Every line below from the one with "MPU Vorbereitung" through the one with "Lewandowski FC Barcelona" should be retyped exactly, both ends included; no other lines and no pictures.

[SOURCE INFORMATION — start]

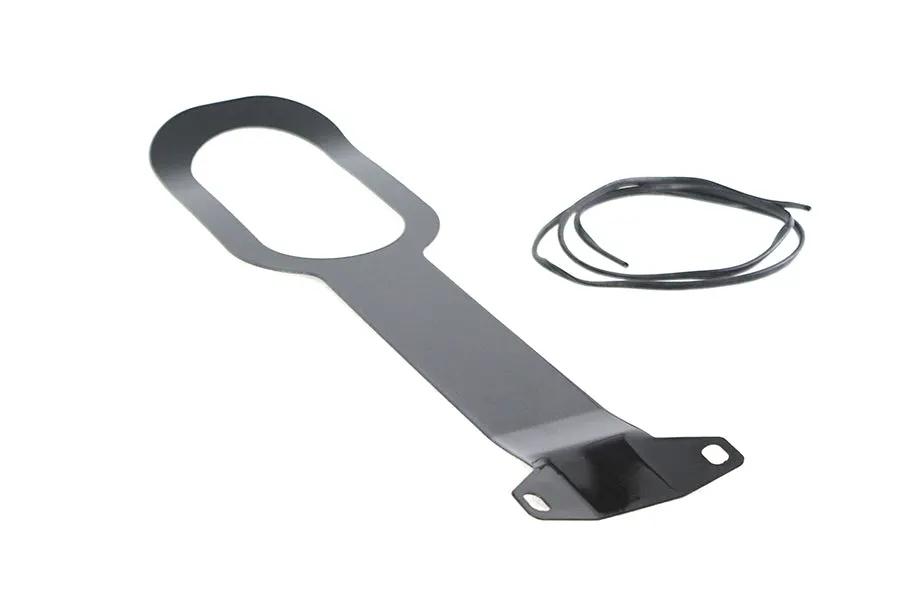 V-Twin FXRS Dash Panel Bib Part #73012B for Harley Davidson FXRS (1988-1992) by V-Twin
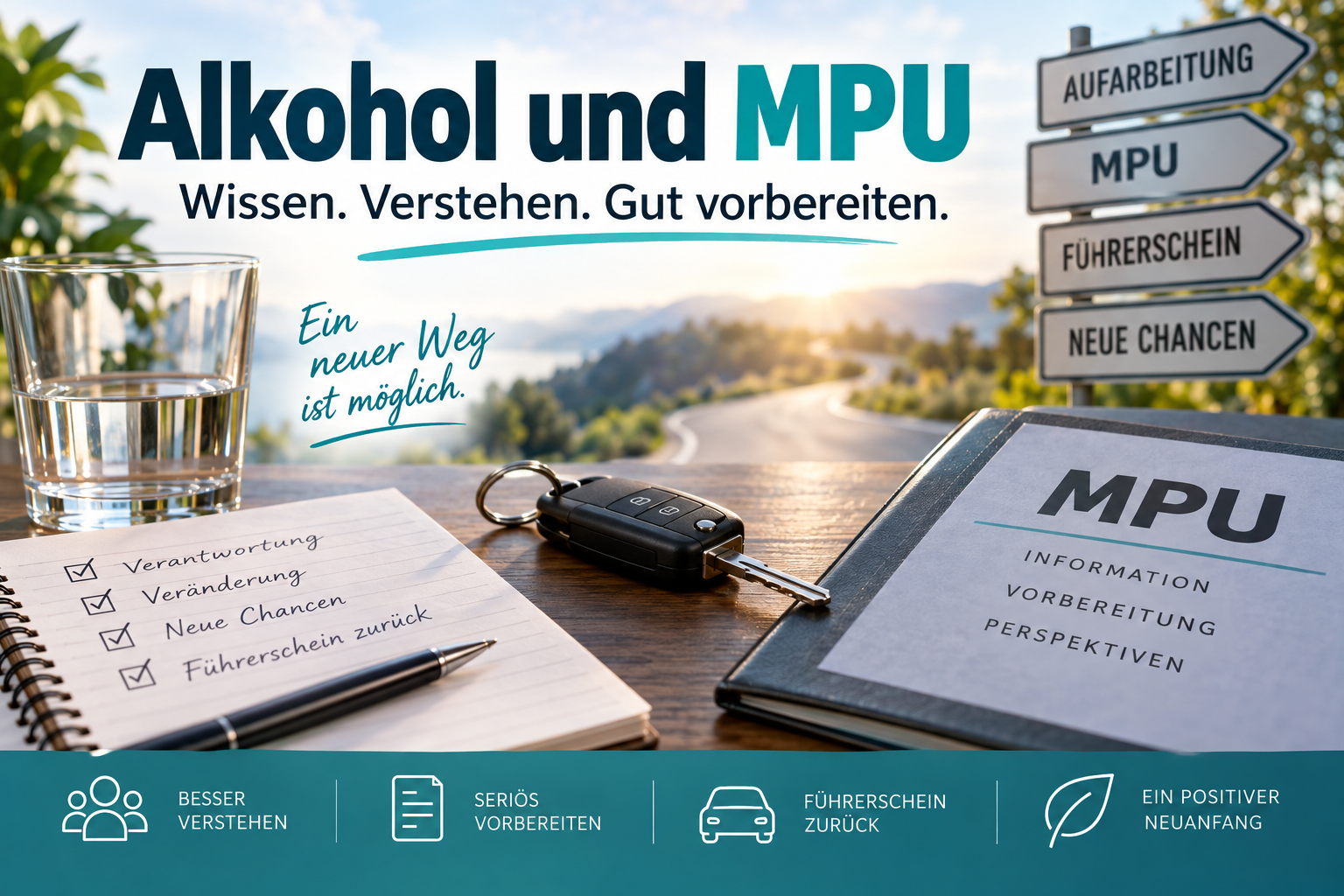 MPU Vorbereitung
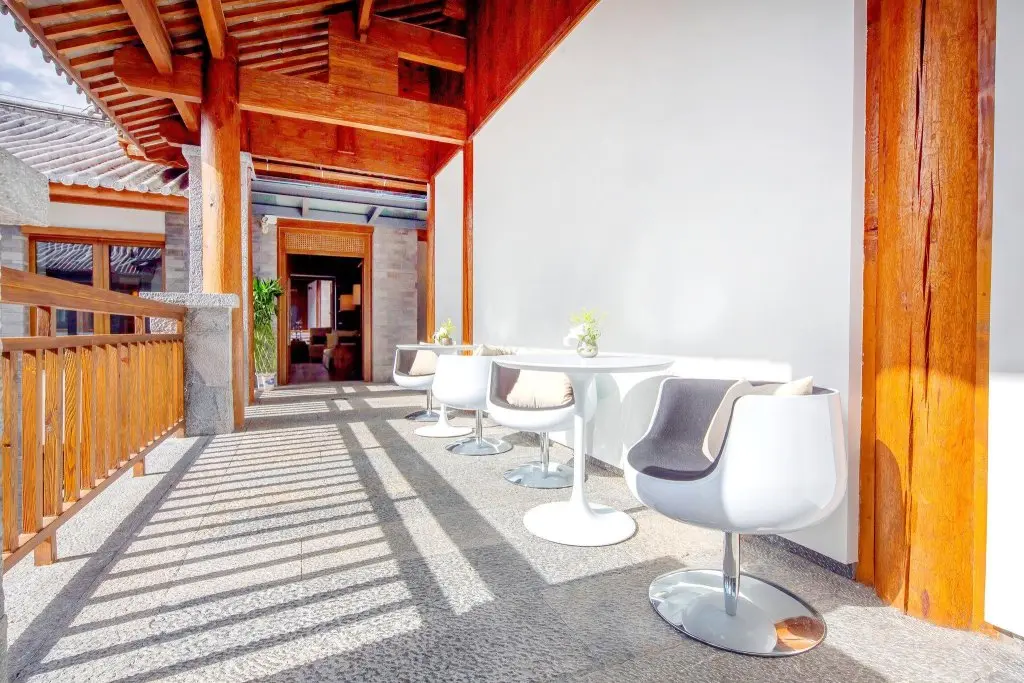 Лицзян: LUX Tea Horse Road Lijiang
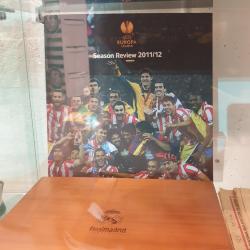 Poster, UEFA Europa League 2011/12 season review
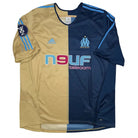 2005/06 OM Third - Ribery 7 (XL) - Iconic Football Shop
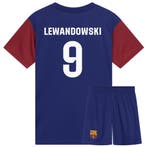 Lewandowski FC Barcelona Voetbaltenue Thuis - Kind, Verzenden, Nieuw
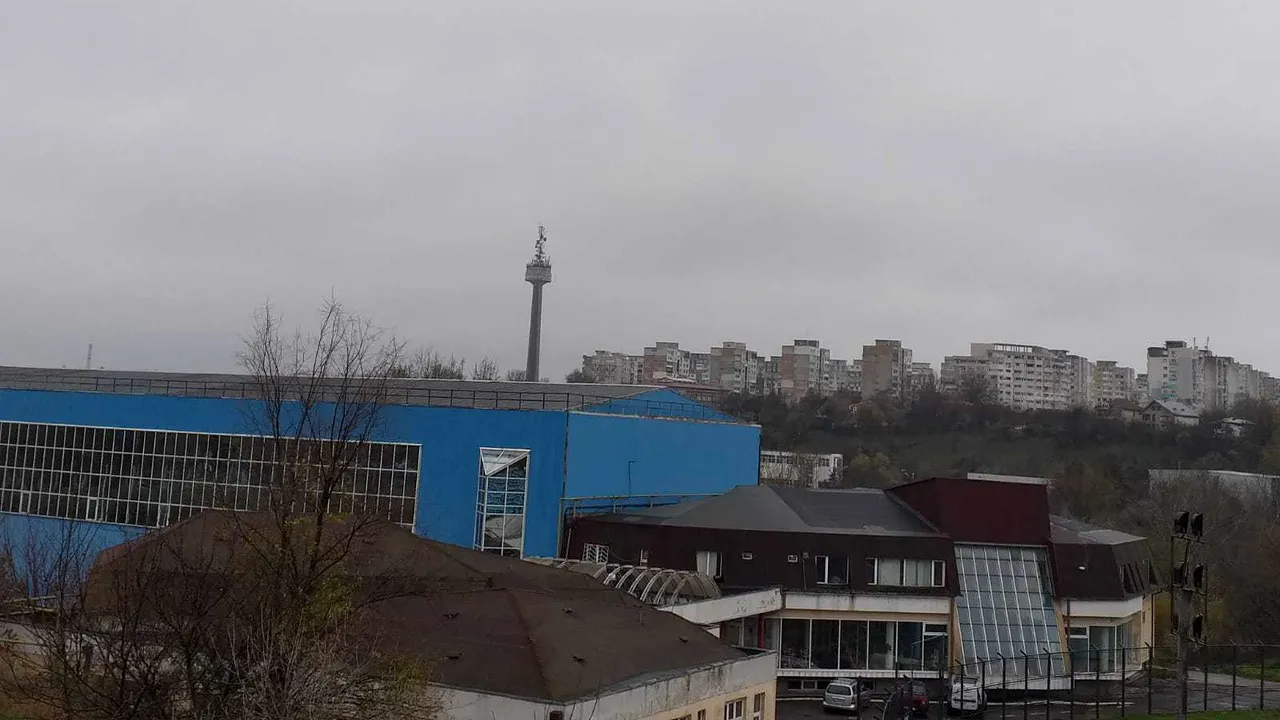 Construcţie din Galaţi unică în România, „invizibilă” pentru mulţi gălăţeni - FOTO, VIDEO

[SOURCE INFORMATION — finish]

RESPONSE |
 MPU Vorbereitung
 Лицзян: LUX Tea Horse Road Lijiang
 Poster, UEFA Europa League 2011/12 season review
 2005/06 OM Third - Ribery 7 (XL) - Iconic Football Shop
 Lewandowski FC Barcelona Voetbaltenue Thuis - Kind, Verzenden, Nieuw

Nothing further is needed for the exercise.